Guarding against the internet of troubles

01 December 2017
The Cyber Security Foundry launch (left to right - Paul Ash, Director of the National Cyber Policy Office, Professor Steven Galbraith, Associate Professor Alexandra Sims, Professor John Hosking, Dean of Science and Associate Professor Giovanni Russello)
The Cyber Security Foundry launch (left to right - Paul Ash, Director of the National Cyber Policy Office, Professor Steven Galbraith, Associate Professor Alexandra Sims, Professor John Hosking, Dean of Science and Associate Professor Giovanni Russello)

In a world where we will have 30 billion internet capable devices by 2020, the ‘internet of things’ is more accurately the ‘internet of troubles’ for those in cyber security trying to stay ahead of the game.

“The internet of things – the network of devices, home appliances and vehicles that can talk to each other – is leading us towards a smarter way in which to run our lives,” says Associate Professor Giovanni Russello from the University of Auckland’s Faculty of Science.

“However, it also increases the number of paths malicious entities can navigate to penetrate an organisation and its networks.

“Currently, the lack of standardisation for hardware and software makes things even cloudier.

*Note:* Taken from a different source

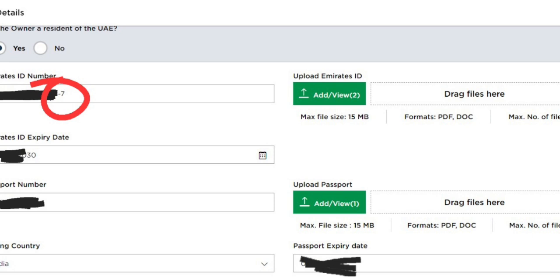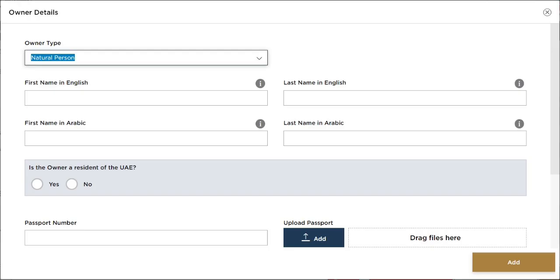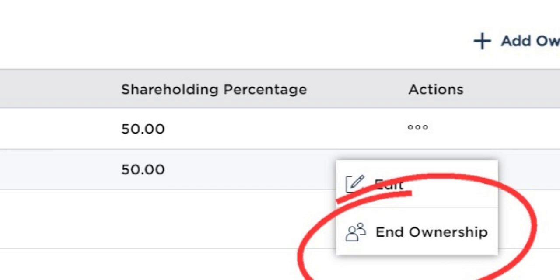After updating such details, just add another owner in the application form and give the details of the owner having the issue correctly this time. Once you have duplicated the owner, end the ownership of the existing owner's details. You may give the end ownership date as the date of starting ownership.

Software deployed into 'internet of things' devices is often proprietary and rigged with vulnerabilities.

“Other devices can ‘listen in’ on the conversations and extract information that can be used maliciously – even your ‘smart’ fridge can be used for a ‘man in the middle’ attack.”

This is where the new Cyber Security Foundry comes in.

Launched on 29 November during Cyber Smart Week, the Foundry, led by Associate Professor Giovanni Russello, Professor Steven Galbraith and Associate Professor Alexandra Sims, intends to develop more secure and resilient infrastructures for all our futures.

The group will draw on the combined expertise of researchers in science, engineering, law and business to work on real-world problems and support industry and other organisations against cyber security threats.

Alex Sims' speciality is blockchain – a continuously growing list of records or data called ‘blocks’, which are secured using cryptography and inherently resistant to modification.

“Email is appallingly insecure and blockchain provides greater protection than current security systems,” she says. “Governments including Australia and the United Kingdom and multi-national corporations such as IBM and Microsoft are already pouring money into the development of blockchain technology.”

Steven Galbraith’s work anticipates a world where quantum computers (which use qubits rather than binary ones and zeros) are the norm.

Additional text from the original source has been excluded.